- _What to produce_
In the material below, find the span from the line with "一個水瓶女眼中的獅子座-第1張-星座運勢-玄機(jī)派" to the line with "Bull in the" and transcribe only those lines, exactly, ends included, without the pictures.

Start of Data records

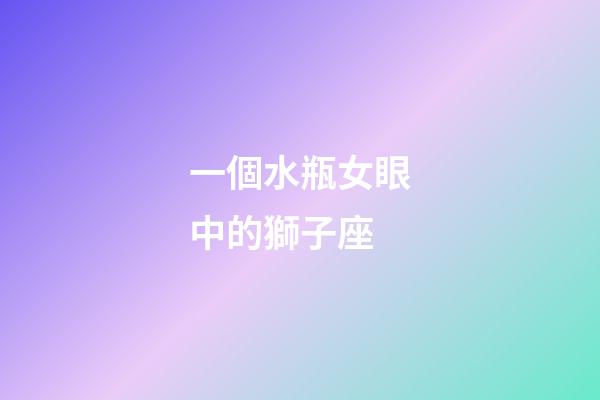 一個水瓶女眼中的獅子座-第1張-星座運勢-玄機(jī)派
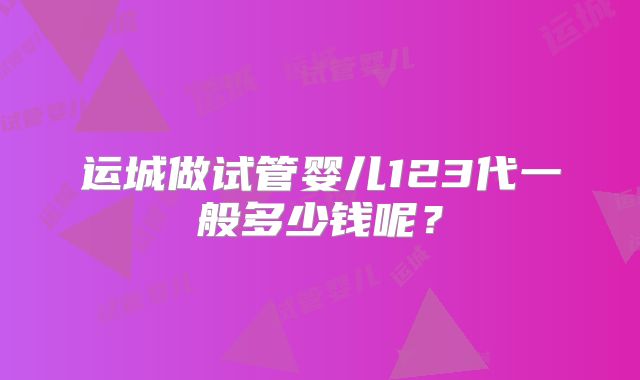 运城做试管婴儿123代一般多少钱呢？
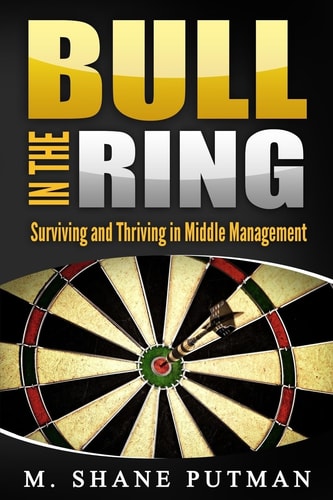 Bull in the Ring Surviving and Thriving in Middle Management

End of Data records
Start of Data records

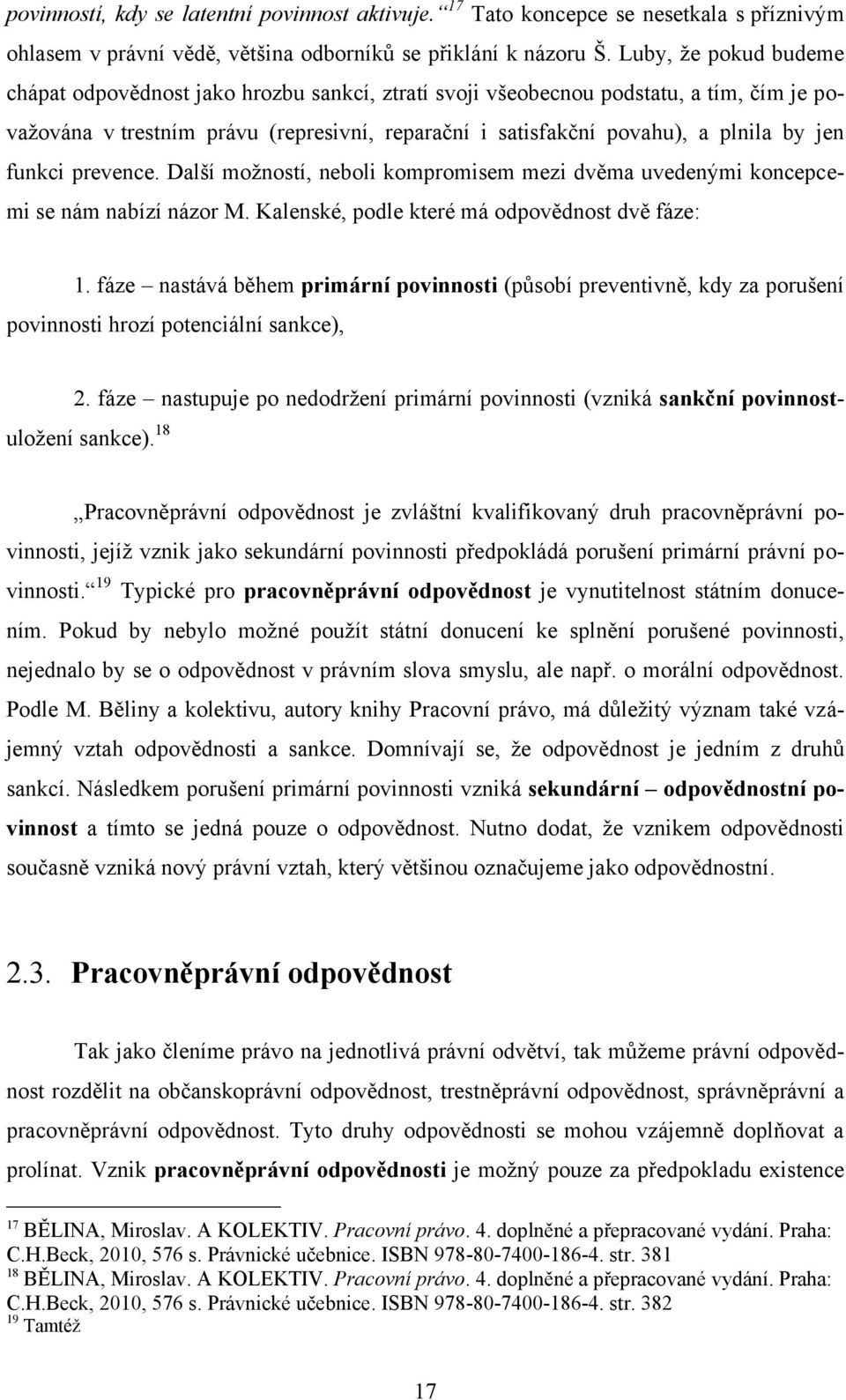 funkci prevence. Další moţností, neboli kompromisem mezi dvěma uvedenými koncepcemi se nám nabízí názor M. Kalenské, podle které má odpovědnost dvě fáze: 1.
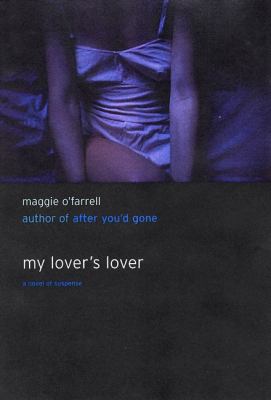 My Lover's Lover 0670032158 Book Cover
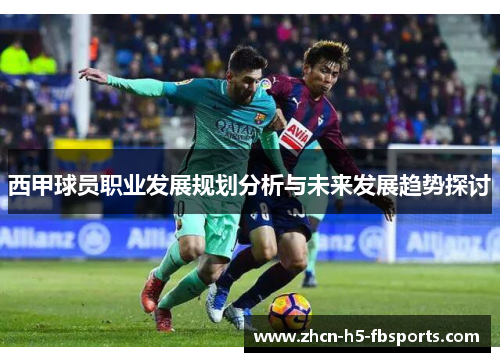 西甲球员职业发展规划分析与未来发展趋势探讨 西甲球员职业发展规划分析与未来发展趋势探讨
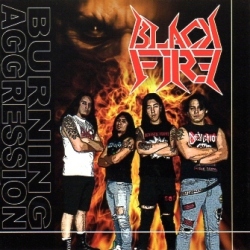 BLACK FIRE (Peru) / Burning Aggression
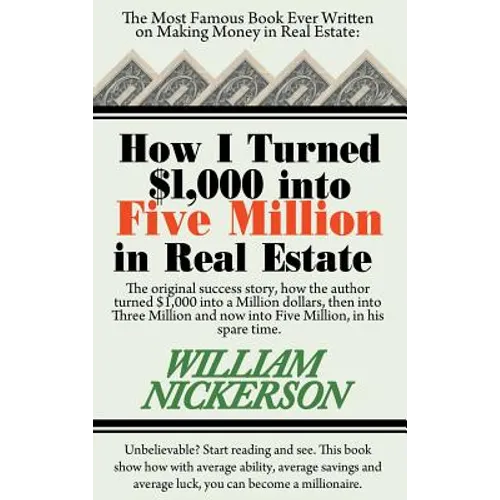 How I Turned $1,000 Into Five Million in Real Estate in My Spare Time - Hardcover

End of Data records
Start of Data records

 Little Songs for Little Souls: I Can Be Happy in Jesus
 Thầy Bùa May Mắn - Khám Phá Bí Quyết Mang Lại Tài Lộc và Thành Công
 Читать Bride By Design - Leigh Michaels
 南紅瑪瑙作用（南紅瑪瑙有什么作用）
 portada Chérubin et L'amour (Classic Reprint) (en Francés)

End of Data records

- _Output below_
 一個水瓶女眼中的獅子座-第1張-星座運勢-玄機(jī)派
 运城做试管婴儿123代一般多少钱呢？
 Bull in the Ring Surviving and Thriving in Middle Management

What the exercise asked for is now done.